Captioned web images:
--------------------------------
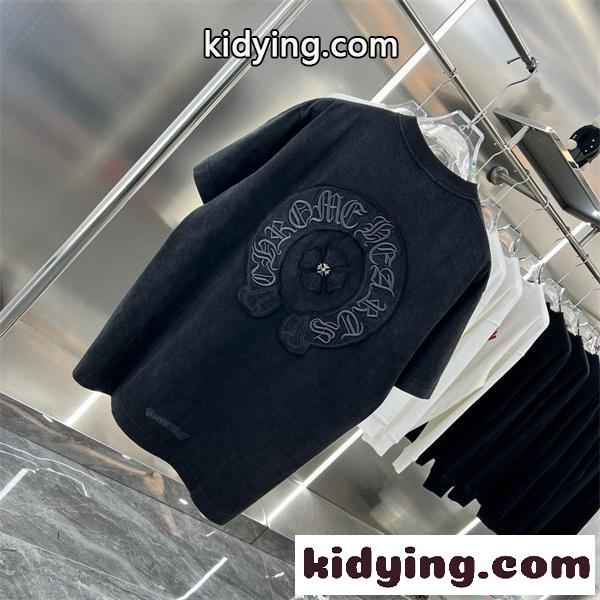 半袖Tシャツ 刺繍 カジュアル CHROME HEARTS 高見え 快適 トップス 2026新作 クロムハーツ コピー-6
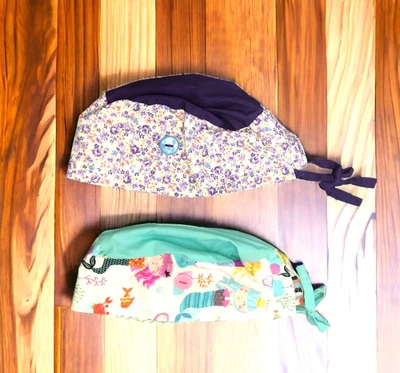 Surgical Scrub Hat Caps Ponytail Beach Mermaid Floral Spring Colorful Set of 2 - Image 1 of 4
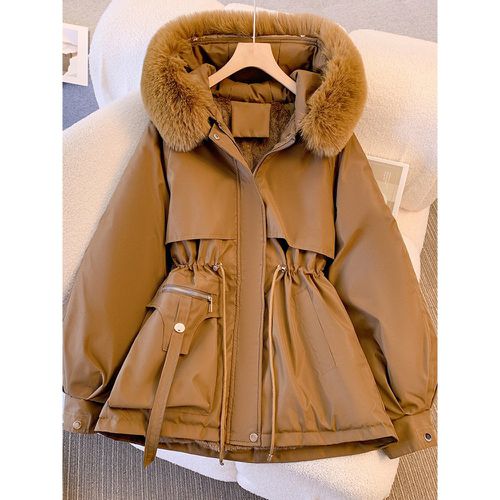 Women Jacket Faux Fur Polyester - milanoo.com - Modalova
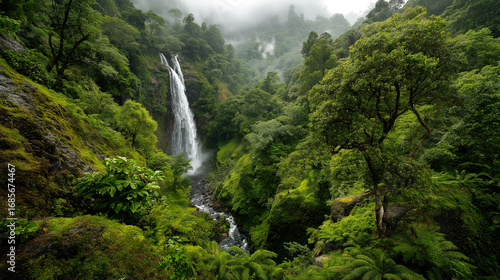 view from the mountain waterfall in the forest mountains desktop wallpaper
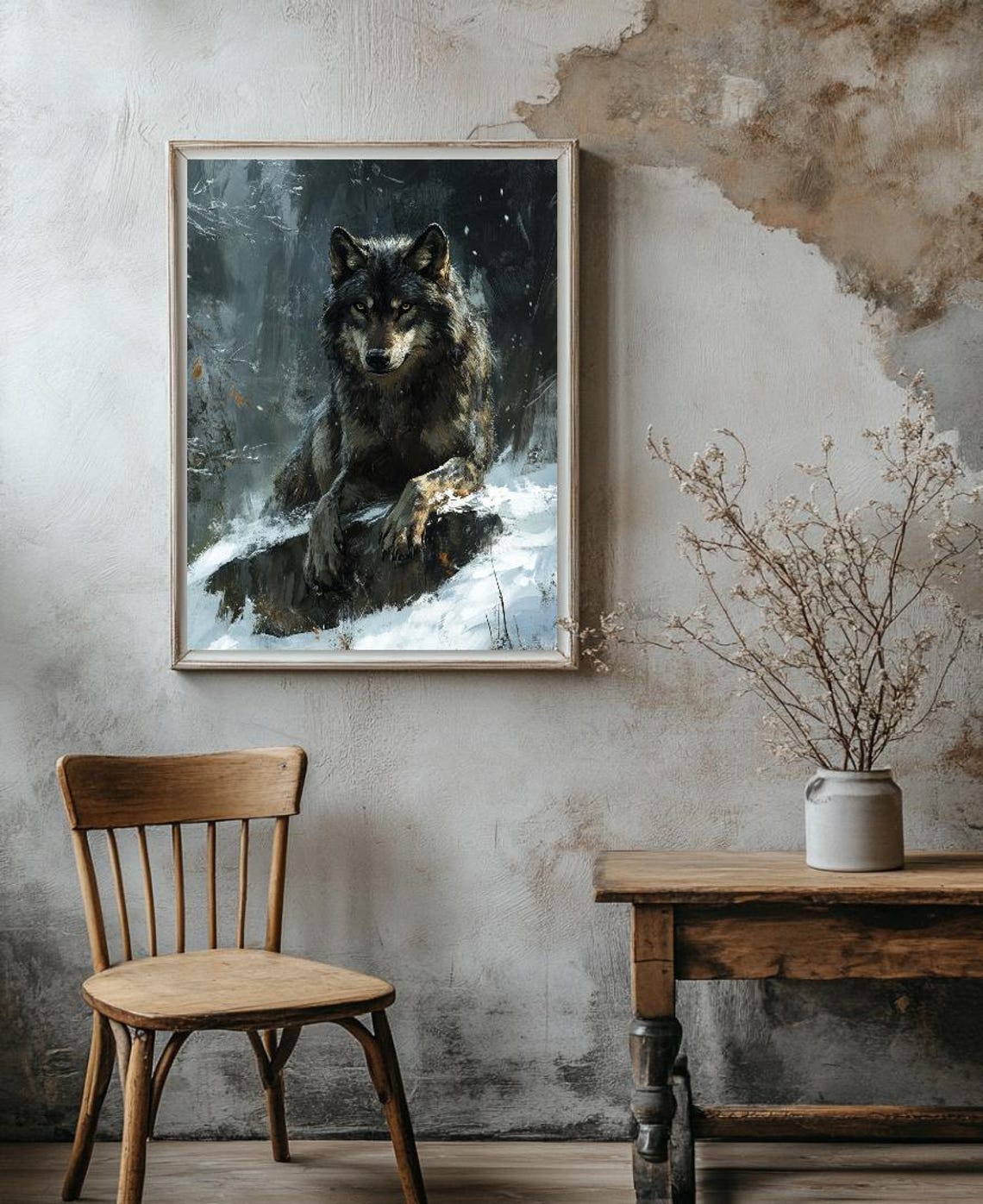 Dark Wolf on Snowy Rock in Winter Forest Moody Wildlife Animal Poster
--------------------------------
PROBLEM TO SOLVE: Every record above must be copied exactly; none of the pictures belong in the copy.

WRITTEN SOLUTION:
 半袖Tシャツ 刺繍 カジュアル CHROME HEARTS 高見え 快適 トップス 2026新作 クロムハーツ コピー-6
 Surgical Scrub Hat Caps Ponytail Beach Mermaid Floral Spring Colorful Set of 2 - Image 1 of 4
 Women Jacket Faux Fur Polyester - milanoo.com - Modalova
 view from the mountain waterfall in the forest mountains desktop wallpaper
 Dark Wolf on Snowy Rock in Winter Forest Moody Wildlife Animal Poster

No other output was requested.